Electrolysis and electroplating electrolytes and oxidation states

[sgstudent]

When electrplating copper with a dilute NaCl aqueous solution and the anode is iron while cathode is platinum what will the results be? Will copper form cations or will the OH- be oxidised? Also, if we use concentrated NaCl will there be any difference? I'm thinking that the copper shouldn't be able to oxidised as it should not be able to exist as ions alone? So only the Cl-/OH- should oxidise. But if the copper is replaced with zinc then it could happen as at the cathode, H+ ions will be reduced. So the Zn2+ ions will always have an anion to have an equilibrium. But for the copper case, there is nothing to fill up the equilibrium as in there us no anion "counterpart" to it. But I'm not very sure about this.

When a reaction AB-->BA at the reactants side A oxidation: +1 B is -1 at product A:-1 B:+1 is AB both oxidised and reduced?
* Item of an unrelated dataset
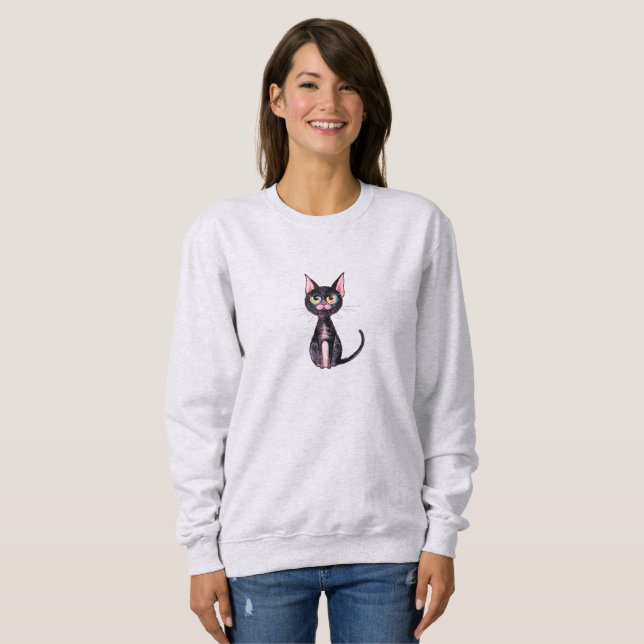 Camiseta Gato Preto (Frente Completa)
When a reaction AB+CD-->AD+CB and reactants oxidation A:+1 B:-1 C:+1 D:-1 while at the products side A:+2 D:-2 C:+2 B:-2
What is oxidised and what is reduced?

Thanks for help guys!

 

[jbsteele]

In the first scenario, copper will form cations, and the OH- will be oxidized. If a concentrated NaCl solution is used, the reaction rate of the electrolysis will be faster, but the results will still be the same. For the second scenario, A and B are both being oxidized and reduced. This is known as a redox reaction. The oxidation states of A and B change from +1 and -1 respectively, to -1 and +1 respectively. For the third scenario, A and D are both being oxidized, and B and C are both being reduced. A and C are oxidized from +1 to +2, while B and D are reduced from -1 to -2.